O Capitão deixou Canjadude, o dia 28 de Março de 1970, foi colocado em Bissau, foi promovido a Major e ficou a desempenhar na Guiné, as funções de responsável pela educação (ensino). Para substituir o Capitão, veio comandar temporariamente a Companhia, o Capitão que comandava a CCS do Batalhão de Nova Lamego, porque ainda não tinha vindo substituto da metrópole.

Boa saúde e um abraço para todos.
José Corceiro
__________

Notas de CV:

(*) Vd. poste de 27 de Outubro de 2010 > Guiné 63/74 - P7181: No 25 de Abril de 1974 eu estava em... (11): Lisboa a viver num apartamento com mais três estudantes (José Corceiro)

Vd. último poste da série de 1 de Outubro de 2010 > Guiné 63/74 - P7063: José Corceiro na CCAÇ 5 (17): Coincidências no dia 3 de Agosto de 1970

5 comentários:

José Marcelino Martins disse...

Mais um regresso ao passado.

Este episódio não foi nada agradável.

Perante os factos o Capitão Oliveira, que já não está entre nós, não reagiu, ou melhor, fez o que sempre fez: Nada!

Luís Graça disse...

Veja-se o comentário que eu escrevi no poste 12 de Março de 2010
Guiné 63/74 - P5978: Mais casos de insubordinação no teatro de guerra: CCAÇ 5, Canjadude, 25 de Novembro de 1969 (José Corceiro)

"O José Martins, ex-Fur Mil Trms, dos Gatos Pretos, CCAÇ 5 (Canjadude, 1968/70), confirmou-me esta noite, ao telefone, esta história. Ele também esteve implicado nos acontecimentos (ou foi apanhado por eles, por tabela). Confirma que houve uma insubordinação, e que o pessoal africano só terá regressado ao quartel sob a ameaça dos T 6... Não sei se estamos a falar do mesmo caso... Vamos ter cautela com o uso (e o abuso) dos detalhes... Espero que ele, por escrito, nos diga mais pormenores...

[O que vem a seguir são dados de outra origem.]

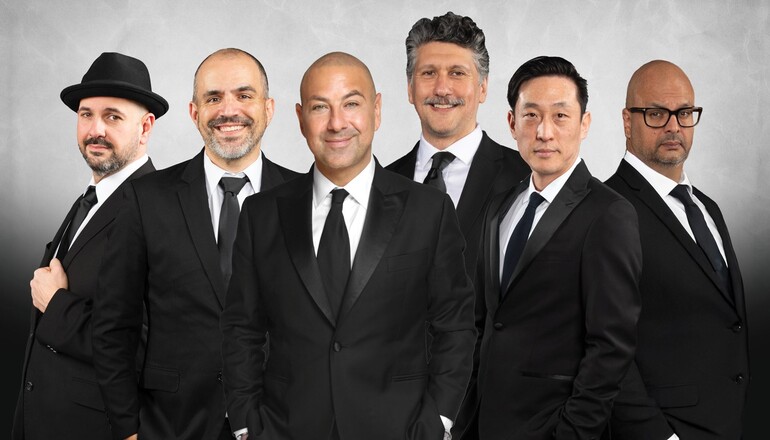 Image of comedians performing in this event wearing suits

"Já aqui falámos também do caso de Paúnca, contado pelo J. Casimiro Carvalho, com a grave insubordinação dos soldados africanos da CCAÇ 11 (Os Lacraus de Paúnca) que expulsaram, do aquartelamento, os graduados e especialistas, de origem metropolitana... Estamos a falar no pós-25 de Abril. Mas terá havido seguramente mais casos, no Teatro de Operações da Guiné, com tropas quer metropolitanas quer do recrutamento local...

"O nosso blogue fica aberta a outros comentários, depoimentos, histórias, etc., sobre este tema até aqui pouco explorado (e delicado)" (...)

Luís Graça disse...

Fico impressionado com o detalhe e o rigor das observações e anotações feitas pelo José Corceiro, usando para o efeito a sua agenda...

Hoje temos a descrição, dia a dia, das condições antecedentes que levaram ao conflito aberto entre os militares africanos da CCAÇ 5 e o seu comandante... Seguramente nos nossos arquivos oficiais ou oficiosos será de todo improvável encontrar um relato desta natureza, onde se detecta um crescendo de tensão, dando origem a um conflito que poderia ter acabado em tragédia...

O comandante Oliveira já não está entre nós, pelo que não levará a pena sequer chamá-lo à colação... É grande a tentação de pô-lo no "banco dos réus", acusando-o de ser um péssimo exemplo de liderança (ou de falta dela).

Por outro lado, pode-se perguntar o que faziam os T-6, sobrevoando o grupo de amotinados... Mera acção intimidatória ? Bluff? Simples coincidência ?...

E quem realmente os chamou ? O reduzido grupo de tugas, "abandonado" pelos seus camaradas africanos ?

E a solidariedade com as "reivindicações" dos soldados africanos ? Houve alguma ?

O que poderia ter acontecido se os T 6 metralhassem o pessoal ? Se os pilotos não tivessem sangue frio e discernimento ? Que repercussões poderia ter tido este caso em zona leste ? São mil e uma perguntas... Felizmente houve algum bom senso...

Unknown disse...

Caro Amigo, já deves ter reparado que nunca faço um coments a qualquer Post sobre qualquer estória. Isto porque as mesmas no Blog, a maioria das vezes (para mim) confundem-se um pouco com estados de alma, sentimentos, formas individualistas na apreciação, etç, que naturalmente tenho que aceitar e noutros condescender, porque repito; não sei onde está a realidade e a “paixão” sobre (ou nas) respectivas estórias.
Salvo se houver apreciações de valor ou facto, erróneas ou falsas e infundamentadas é que assumo a liberdade de comentar.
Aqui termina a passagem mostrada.